PdfHandler

High-level utilities for inspecting and modifying PDF files.

This module exposes PdfHandler, a convenience wrapper around pikepdf and pdfminer for:

  • text extraction and word counting

  • encryption, decryption, and permission inspection

  • moving, deleting, and resizing PDFs

  • merging PDFs with optional separator pages

class pdfhandler.pdf_handler.PdfHandler(pdf_path)[source]

Bases: object

Helper for common operations on a single PDF file.

The handler validates the input path on construction and then provides methods for:

  • extracting text and counting words

  • checking and changing encryption / permissions

  • moving, deleting, and resizing the file

  • merging PDFs and inserting separator pages

cp(new_path=None)[source]

Copy the PDF to a specified location and return its Path.

Parameters:

new_path (str | Path | None, optional) – Path to the new copy. If None it will be saved to the original PDF’s path with ‘-copy’ embedded between the stem and suffix. (Default: None).

Return type:

Path

decrypt(output=None, in_place=False, owner_password=None)[source]

Decrypt the PDF if it is currently encrypted.

If in_place is False (recommended), a decrypted copy is saved to a new file; otherwise, the original file is overwritten. If the PDF is not encrypted, no changes are made.

Parameters:
  • output (str | Path | None, default None) – Destination path for the decrypted PDF. Ignored if in_place=True.
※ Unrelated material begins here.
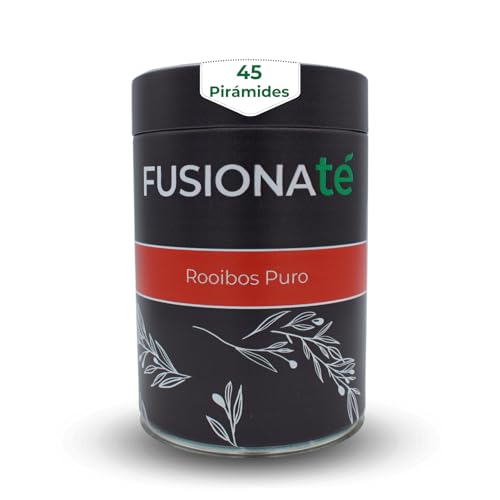 FUSIONATE Rooibos Puro, Lata de 45 pirámides Bolsitas de Té, Bebida Relajante Sin Cafeína de Sabor Suave, Dulce y Terroso, 100% Natural, Rico en Antioxidantes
If None, a new file is created with "-Decrypted" appended to the original name.

  • in_place (bool, default False) – Whether to overwrite the original file in place.
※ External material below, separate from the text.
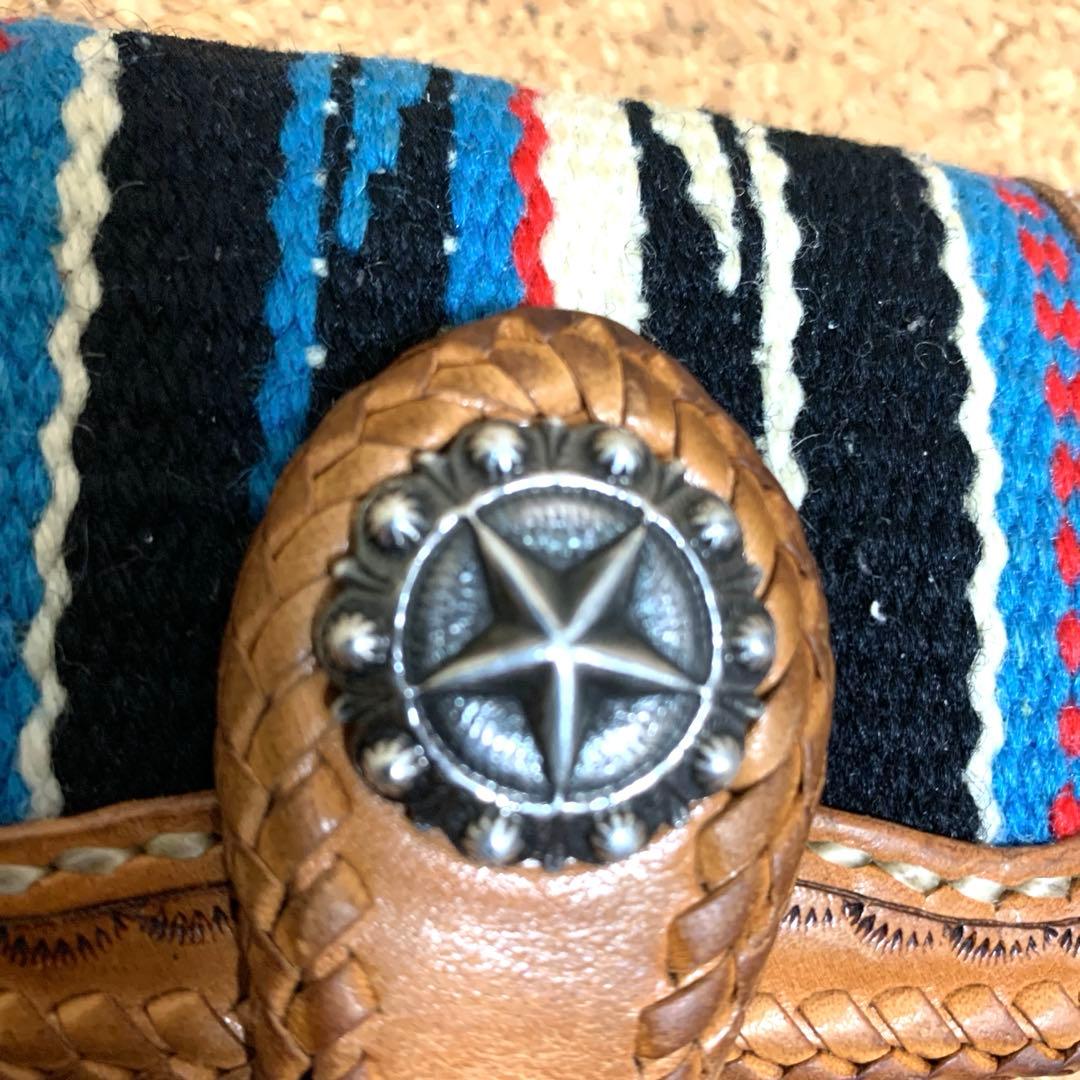 Sun Faceレザーキーケース コンチョ ネイティブ柄 本革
  • owner_password (str | None, default None) – The owner password used to unlock and decrypt the PDF.

Return type:

None

encrypt(output=None, in_place=False, password=None, owner_password=None)[source]

Encrypt the PDF if it is not already encrypted.

This creates an encrypted version of the PDF using restrictive permissions by default. If in_place is False, the encrypted file is saved to a new path; otherwise, the original file is overwritten.

For fine-grained control over permissions, use save_pike_pdf() directly.

Parameters:
  • output (str | Path | None, default None) – Destination path for the encrypted PDF. Ignored if in_place=True. If None, a new file is created with "-Encrypted" appended to the original name.

  • in_place (bool, default False) – Whether to overwrite the original file in place.

  • password (str | None, default None) – The user password required to open the PDF. If None or empty, no password is required to view.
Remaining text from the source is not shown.